PROBLEM DESCRIPTION = Identify each line below that contains the word "Sport", and copy it out.

EXTRACTED ENTRIES =
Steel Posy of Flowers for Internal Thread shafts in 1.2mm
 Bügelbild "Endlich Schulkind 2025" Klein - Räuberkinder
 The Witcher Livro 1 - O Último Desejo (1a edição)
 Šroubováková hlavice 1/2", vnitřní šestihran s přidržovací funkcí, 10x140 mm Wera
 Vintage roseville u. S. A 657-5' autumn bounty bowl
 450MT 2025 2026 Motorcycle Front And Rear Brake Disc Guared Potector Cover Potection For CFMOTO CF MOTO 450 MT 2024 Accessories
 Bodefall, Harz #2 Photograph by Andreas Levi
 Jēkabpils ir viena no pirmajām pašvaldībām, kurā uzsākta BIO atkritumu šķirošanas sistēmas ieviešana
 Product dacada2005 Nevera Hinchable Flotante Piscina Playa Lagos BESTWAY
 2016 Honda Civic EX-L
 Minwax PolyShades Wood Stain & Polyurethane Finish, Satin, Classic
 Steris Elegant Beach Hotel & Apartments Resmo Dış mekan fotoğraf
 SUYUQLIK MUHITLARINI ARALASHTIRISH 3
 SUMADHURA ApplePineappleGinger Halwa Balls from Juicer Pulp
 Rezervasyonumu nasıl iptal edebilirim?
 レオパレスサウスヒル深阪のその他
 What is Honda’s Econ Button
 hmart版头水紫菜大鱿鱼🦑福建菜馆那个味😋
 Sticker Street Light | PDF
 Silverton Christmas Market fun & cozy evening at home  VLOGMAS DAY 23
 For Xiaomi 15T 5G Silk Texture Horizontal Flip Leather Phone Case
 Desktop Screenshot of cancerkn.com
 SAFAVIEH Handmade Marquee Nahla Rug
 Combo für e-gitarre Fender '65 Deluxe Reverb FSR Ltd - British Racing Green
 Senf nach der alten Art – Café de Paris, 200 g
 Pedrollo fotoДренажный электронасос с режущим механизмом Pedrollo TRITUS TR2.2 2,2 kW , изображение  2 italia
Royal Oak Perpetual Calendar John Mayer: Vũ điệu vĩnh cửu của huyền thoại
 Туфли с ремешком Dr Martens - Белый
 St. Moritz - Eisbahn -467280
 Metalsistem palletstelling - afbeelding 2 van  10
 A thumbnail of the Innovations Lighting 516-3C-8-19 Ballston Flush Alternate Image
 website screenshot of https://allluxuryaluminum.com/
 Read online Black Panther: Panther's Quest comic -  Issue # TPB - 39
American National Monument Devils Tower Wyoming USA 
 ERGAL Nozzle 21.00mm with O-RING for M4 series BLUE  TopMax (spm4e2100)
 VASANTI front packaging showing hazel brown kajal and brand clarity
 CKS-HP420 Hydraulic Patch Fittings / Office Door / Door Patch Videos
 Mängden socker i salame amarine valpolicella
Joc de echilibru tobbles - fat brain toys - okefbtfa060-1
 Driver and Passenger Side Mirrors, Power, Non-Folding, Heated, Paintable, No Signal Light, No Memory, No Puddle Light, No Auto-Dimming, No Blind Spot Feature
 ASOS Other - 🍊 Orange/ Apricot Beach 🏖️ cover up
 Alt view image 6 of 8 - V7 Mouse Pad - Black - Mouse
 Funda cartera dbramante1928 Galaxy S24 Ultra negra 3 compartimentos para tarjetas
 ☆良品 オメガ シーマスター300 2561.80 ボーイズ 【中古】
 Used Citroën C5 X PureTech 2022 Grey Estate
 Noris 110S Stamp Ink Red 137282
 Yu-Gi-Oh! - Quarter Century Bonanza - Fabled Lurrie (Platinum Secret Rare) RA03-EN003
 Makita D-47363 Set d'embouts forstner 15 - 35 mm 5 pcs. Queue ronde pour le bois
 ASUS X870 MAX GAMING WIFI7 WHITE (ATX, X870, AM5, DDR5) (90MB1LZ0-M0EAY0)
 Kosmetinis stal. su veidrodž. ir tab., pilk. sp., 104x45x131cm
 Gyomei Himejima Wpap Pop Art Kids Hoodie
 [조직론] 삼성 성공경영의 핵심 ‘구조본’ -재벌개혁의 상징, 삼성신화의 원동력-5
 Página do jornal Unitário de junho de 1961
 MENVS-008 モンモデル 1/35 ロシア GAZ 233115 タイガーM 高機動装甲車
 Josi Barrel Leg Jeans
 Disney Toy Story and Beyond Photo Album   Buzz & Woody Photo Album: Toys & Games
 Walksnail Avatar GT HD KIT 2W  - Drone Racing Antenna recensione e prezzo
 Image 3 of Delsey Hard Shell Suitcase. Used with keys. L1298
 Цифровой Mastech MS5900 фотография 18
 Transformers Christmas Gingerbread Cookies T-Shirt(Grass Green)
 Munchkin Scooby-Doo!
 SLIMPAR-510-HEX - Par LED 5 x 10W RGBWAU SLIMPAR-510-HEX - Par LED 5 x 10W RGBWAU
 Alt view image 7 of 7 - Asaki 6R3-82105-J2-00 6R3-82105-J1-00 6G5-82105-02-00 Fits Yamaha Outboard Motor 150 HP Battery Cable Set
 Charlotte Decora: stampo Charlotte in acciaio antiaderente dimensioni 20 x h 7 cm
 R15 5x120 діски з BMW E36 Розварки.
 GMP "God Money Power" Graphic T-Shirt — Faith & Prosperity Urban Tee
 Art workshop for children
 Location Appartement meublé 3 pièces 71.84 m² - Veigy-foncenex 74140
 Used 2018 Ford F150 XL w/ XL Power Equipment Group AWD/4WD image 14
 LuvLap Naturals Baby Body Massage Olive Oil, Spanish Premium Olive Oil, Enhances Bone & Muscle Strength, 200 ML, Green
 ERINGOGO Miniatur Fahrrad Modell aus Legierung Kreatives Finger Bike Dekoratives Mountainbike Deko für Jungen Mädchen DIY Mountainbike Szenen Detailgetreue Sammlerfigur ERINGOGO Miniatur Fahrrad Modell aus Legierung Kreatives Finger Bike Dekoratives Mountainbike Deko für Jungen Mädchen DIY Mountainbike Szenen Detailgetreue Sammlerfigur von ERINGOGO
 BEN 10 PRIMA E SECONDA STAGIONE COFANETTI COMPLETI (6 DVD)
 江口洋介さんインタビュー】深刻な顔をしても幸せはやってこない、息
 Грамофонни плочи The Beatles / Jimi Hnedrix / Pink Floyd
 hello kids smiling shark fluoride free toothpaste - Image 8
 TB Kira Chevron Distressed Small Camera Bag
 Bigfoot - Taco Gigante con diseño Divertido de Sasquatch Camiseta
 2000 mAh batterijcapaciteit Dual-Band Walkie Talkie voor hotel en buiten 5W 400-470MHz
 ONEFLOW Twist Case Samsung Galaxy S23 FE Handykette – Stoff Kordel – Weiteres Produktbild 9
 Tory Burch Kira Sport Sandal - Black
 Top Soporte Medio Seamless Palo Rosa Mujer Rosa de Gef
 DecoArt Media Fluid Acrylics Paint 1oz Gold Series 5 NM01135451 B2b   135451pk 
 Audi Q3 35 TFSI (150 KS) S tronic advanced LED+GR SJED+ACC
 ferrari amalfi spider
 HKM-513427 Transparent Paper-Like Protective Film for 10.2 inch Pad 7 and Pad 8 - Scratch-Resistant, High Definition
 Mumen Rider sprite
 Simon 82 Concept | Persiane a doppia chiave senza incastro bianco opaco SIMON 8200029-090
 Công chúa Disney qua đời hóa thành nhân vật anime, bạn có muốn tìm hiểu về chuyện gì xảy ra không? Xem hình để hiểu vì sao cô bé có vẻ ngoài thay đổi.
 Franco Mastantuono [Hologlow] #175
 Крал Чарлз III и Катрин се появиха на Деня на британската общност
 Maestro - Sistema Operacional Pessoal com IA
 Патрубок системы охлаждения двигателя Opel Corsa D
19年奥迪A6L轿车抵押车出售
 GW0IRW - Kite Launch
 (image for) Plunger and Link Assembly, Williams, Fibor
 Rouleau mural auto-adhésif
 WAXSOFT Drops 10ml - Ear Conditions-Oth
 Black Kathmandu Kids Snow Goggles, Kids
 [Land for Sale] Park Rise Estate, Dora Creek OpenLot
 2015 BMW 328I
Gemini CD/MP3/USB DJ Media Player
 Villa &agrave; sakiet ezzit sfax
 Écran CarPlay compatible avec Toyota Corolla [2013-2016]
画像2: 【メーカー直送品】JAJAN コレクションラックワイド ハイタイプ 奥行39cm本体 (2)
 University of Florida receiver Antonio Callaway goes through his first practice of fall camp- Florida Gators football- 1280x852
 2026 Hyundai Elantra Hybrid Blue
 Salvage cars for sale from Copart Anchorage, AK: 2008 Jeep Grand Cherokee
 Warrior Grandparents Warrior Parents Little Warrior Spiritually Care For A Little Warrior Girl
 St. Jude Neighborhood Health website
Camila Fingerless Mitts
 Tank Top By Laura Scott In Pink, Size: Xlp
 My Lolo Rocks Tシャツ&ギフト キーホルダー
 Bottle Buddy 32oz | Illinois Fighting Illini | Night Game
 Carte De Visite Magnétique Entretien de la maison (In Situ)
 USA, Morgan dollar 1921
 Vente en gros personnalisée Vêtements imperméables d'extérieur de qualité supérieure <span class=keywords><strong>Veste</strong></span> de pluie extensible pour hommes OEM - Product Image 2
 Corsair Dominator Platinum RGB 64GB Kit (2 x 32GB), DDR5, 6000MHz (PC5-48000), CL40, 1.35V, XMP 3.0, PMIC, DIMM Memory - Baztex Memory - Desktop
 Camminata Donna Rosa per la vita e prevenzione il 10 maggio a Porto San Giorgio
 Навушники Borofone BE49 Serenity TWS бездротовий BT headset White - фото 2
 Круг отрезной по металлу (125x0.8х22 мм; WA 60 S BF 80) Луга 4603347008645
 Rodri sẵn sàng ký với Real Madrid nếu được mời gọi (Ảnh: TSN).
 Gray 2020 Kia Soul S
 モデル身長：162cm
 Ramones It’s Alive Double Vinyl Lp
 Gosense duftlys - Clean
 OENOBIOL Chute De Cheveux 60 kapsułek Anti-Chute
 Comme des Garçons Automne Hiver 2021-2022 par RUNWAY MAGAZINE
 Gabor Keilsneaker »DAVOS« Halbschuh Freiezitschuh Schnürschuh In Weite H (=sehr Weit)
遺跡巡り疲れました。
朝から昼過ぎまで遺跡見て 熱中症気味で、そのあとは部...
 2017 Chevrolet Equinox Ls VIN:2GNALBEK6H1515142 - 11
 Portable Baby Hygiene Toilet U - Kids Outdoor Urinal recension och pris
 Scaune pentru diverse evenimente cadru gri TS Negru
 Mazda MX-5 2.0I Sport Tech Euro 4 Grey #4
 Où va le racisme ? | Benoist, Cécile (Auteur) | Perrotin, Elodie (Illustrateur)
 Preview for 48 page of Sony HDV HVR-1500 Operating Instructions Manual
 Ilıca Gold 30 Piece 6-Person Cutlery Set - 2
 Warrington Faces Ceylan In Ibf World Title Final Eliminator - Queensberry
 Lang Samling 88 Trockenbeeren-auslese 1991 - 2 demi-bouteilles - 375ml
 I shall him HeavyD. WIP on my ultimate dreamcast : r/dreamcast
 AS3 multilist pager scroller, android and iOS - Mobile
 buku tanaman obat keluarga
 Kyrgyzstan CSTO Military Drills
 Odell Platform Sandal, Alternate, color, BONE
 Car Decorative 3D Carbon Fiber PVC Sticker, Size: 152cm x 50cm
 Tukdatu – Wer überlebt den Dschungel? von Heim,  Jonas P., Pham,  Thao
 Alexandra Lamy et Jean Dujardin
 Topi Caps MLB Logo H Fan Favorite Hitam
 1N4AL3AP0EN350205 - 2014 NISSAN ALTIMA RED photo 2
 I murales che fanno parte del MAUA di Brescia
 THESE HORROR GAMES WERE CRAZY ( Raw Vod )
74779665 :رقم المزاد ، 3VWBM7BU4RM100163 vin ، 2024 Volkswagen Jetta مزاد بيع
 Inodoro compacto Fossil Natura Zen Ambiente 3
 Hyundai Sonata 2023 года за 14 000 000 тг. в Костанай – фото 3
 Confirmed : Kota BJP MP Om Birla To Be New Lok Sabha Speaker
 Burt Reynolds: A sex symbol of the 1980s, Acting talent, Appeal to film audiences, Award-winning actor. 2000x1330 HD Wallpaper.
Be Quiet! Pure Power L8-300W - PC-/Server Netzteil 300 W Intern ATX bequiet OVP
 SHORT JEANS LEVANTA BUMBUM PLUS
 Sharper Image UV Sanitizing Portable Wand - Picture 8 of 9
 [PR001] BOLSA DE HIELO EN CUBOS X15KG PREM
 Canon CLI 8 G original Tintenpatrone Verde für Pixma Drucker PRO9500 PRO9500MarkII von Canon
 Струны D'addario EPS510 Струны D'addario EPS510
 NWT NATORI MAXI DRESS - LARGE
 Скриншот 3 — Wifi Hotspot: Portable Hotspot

EXERCISE ANSWER =
 Tory Burch Kira Sport Sandal - Black
 Mazda MX-5 2.0I Sport Tech Euro 4 Grey #4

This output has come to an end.